**What is expected**
Nothing but the line containing "FLOW（フロー） 16-17 FLOW / フロー TALON タロン メンズ ブーツ" and the lines that follow it to the end of the material below should appear in the answer, each copied exactly.

**Extracted data**
● ● ● ●

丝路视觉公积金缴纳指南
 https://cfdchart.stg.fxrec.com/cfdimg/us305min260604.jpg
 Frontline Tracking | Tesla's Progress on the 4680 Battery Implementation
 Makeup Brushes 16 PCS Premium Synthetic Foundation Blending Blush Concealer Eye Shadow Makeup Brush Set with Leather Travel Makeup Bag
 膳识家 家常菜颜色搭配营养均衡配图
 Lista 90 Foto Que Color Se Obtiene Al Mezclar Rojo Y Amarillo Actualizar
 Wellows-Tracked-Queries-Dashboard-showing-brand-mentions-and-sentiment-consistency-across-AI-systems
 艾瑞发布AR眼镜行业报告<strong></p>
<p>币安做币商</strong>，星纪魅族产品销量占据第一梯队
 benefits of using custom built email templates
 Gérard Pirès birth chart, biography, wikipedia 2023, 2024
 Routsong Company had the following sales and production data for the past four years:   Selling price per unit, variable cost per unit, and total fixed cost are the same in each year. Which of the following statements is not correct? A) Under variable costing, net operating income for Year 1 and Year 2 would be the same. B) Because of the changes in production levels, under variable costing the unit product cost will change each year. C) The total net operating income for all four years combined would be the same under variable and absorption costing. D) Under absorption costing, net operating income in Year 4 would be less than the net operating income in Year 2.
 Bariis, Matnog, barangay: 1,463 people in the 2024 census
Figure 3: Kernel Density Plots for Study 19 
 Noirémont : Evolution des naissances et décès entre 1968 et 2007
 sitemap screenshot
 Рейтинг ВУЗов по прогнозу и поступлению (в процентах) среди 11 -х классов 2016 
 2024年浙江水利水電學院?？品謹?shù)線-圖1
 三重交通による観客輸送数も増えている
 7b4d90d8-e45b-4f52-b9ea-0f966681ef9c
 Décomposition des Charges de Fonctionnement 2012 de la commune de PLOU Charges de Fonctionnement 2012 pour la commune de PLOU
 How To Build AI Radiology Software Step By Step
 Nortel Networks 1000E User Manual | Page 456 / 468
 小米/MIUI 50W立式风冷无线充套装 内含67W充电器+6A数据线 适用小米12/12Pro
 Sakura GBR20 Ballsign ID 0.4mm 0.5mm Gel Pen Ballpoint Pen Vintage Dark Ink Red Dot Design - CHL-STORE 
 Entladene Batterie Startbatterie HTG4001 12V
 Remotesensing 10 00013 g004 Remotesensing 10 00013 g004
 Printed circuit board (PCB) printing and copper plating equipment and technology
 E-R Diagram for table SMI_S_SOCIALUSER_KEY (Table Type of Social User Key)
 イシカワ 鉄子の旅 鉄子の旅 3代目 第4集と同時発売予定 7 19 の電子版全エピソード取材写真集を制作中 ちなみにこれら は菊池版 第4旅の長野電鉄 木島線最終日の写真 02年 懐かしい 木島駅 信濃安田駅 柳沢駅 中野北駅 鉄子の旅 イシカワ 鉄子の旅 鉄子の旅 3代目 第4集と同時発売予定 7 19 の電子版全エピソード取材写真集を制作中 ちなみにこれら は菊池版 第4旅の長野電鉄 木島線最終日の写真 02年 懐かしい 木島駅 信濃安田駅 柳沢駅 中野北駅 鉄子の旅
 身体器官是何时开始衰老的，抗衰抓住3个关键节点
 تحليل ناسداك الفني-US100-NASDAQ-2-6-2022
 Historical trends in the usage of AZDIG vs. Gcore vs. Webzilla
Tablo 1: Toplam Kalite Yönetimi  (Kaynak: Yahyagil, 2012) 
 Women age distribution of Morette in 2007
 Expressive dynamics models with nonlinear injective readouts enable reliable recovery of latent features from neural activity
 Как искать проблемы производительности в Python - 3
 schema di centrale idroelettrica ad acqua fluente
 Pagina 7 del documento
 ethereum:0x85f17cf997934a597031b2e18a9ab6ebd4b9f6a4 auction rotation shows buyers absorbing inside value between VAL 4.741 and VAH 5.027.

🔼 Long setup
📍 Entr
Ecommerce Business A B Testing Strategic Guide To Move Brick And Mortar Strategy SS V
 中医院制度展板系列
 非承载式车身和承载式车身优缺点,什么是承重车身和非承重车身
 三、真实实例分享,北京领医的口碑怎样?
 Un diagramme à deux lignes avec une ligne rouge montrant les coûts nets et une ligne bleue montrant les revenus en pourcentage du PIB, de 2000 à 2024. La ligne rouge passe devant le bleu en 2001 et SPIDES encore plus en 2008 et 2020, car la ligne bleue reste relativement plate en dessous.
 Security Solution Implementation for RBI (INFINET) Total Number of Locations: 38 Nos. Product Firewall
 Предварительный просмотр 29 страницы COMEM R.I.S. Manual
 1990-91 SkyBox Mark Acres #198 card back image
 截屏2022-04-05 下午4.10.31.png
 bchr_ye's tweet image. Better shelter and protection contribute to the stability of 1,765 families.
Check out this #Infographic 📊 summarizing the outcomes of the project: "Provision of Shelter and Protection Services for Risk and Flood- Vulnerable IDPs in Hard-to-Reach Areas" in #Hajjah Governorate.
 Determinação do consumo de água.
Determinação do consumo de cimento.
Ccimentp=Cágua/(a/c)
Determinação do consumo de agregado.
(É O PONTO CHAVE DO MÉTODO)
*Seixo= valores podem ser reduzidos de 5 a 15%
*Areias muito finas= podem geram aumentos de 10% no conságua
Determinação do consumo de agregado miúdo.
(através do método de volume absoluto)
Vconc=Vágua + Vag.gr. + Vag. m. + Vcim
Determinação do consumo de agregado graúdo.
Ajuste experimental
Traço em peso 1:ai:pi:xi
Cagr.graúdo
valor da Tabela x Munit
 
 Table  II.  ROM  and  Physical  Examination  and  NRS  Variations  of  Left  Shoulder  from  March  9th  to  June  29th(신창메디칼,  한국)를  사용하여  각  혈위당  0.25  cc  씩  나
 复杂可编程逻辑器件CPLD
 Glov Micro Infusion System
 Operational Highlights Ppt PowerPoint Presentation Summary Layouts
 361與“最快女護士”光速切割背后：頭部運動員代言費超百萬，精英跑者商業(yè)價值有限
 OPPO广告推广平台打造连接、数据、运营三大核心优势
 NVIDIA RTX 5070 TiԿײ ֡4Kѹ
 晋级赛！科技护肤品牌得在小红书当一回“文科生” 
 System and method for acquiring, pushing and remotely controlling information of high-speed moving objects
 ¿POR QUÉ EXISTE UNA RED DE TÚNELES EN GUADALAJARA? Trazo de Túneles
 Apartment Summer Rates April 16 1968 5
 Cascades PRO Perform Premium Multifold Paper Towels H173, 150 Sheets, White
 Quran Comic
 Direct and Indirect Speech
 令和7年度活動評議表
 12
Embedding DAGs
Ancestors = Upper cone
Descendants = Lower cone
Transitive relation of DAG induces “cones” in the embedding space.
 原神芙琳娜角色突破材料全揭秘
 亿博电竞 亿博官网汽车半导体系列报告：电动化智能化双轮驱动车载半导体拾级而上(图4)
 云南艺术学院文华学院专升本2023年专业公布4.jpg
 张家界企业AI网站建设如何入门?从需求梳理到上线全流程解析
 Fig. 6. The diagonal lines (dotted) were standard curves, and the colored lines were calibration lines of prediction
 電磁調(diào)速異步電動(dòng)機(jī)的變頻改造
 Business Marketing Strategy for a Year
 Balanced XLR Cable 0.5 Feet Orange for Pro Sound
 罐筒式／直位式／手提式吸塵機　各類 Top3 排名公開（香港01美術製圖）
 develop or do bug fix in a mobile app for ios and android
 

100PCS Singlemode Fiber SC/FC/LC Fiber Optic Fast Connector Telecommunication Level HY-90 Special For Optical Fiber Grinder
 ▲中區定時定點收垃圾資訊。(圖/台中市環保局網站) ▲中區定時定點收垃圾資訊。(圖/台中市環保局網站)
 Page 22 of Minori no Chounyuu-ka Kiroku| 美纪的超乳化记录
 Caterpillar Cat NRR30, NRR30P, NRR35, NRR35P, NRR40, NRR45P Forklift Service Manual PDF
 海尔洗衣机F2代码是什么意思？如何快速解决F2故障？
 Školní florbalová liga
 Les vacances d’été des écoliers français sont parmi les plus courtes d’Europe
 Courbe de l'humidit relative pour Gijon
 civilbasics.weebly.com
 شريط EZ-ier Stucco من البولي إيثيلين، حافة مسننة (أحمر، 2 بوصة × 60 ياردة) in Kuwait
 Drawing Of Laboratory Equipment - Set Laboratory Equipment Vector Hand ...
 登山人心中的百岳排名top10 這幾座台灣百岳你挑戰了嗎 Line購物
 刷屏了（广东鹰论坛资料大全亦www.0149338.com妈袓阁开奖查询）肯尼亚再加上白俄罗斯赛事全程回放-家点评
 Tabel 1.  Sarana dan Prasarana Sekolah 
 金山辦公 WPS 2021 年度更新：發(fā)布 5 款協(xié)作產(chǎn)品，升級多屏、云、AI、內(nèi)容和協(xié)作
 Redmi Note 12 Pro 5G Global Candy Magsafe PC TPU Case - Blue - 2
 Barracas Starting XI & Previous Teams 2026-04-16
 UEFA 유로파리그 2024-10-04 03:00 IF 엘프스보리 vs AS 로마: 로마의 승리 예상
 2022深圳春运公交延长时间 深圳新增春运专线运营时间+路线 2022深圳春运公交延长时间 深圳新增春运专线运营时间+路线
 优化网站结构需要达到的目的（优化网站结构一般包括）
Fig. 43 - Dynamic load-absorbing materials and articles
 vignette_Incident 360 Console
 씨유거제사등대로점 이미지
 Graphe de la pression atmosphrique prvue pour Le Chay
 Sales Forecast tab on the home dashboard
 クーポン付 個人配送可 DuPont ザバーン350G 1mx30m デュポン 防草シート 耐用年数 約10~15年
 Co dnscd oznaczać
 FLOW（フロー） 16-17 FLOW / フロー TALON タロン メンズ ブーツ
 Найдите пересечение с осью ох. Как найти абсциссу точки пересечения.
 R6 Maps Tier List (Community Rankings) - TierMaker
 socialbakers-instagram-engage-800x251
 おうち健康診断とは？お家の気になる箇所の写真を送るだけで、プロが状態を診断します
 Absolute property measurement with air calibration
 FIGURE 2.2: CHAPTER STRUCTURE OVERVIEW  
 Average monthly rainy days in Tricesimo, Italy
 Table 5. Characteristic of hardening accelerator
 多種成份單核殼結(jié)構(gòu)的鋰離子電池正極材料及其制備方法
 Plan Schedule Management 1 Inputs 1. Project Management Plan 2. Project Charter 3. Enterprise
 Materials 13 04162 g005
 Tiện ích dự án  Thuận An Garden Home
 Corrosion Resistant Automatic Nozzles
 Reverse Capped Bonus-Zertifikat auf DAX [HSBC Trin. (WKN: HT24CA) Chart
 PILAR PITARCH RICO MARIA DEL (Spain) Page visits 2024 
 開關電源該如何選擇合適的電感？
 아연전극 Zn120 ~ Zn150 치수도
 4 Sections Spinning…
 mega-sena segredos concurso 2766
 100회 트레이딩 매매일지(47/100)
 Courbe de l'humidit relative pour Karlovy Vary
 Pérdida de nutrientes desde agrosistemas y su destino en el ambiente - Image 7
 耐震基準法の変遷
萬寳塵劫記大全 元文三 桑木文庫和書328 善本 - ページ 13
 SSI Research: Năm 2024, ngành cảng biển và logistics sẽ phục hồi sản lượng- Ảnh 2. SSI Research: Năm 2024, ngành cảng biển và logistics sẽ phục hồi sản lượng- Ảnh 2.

● ● ● ●

**Response to this task**
 FLOW（フロー） 16-17 FLOW / フロー TALON タロン メンズ ブーツ
 Найдите пересечение с осью ох. Как найти абсциссу точки пересечения.
 R6 Maps Tier List (Community Rankings) - TierMaker
 socialbakers-instagram-engage-800x251
 おうち健康診断とは？お家の気になる箇所の写真を送るだけで、プロが状態を診断します
 Absolute property measurement with air calibration
 FIGURE 2.2: CHAPTER STRUCTURE OVERVIEW  
 Average monthly rainy days in Tricesimo, Italy
 Table 5. Characteristic of hardening accelerator
 多種成份單核殼結(jié)構(gòu)的鋰離子電池正極材料及其制備方法
 Plan Schedule Management 1 Inputs 1. Project Management Plan 2. Project Charter 3. Enterprise
 Materials 13 04162 g005
 Tiện ích dự án  Thuận An Garden Home
 Corrosion Resistant Automatic Nozzles
 Reverse Capped Bonus-Zertifikat auf DAX [HSBC Trin. (WKN: HT24CA) Chart
 PILAR PITARCH RICO MARIA DEL (Spain) Page visits 2024 
 開關電源該如何選擇合適的電感？
 아연전극 Zn120 ~ Zn150 치수도
 4 Sections Spinning…
 mega-sena segredos concurso 2766
 100회 트레이딩 매매일지(47/100)
 Courbe de l'humidit relative pour Karlovy Vary
 Pérdida de nutrientes desde agrosistemas y su destino en el ambiente - Image 7
 耐震基準法の変遷
萬寳塵劫記大全 元文三 桑木文庫和書328 善本 - ページ 13
 SSI Research: Năm 2024, ngành cảng biển và logistics sẽ phục hồi sản lượng- Ảnh 2. SSI Research: Năm 2024, ngành cảng biển và logistics sẽ phục hồi sản lượng- Ảnh 2.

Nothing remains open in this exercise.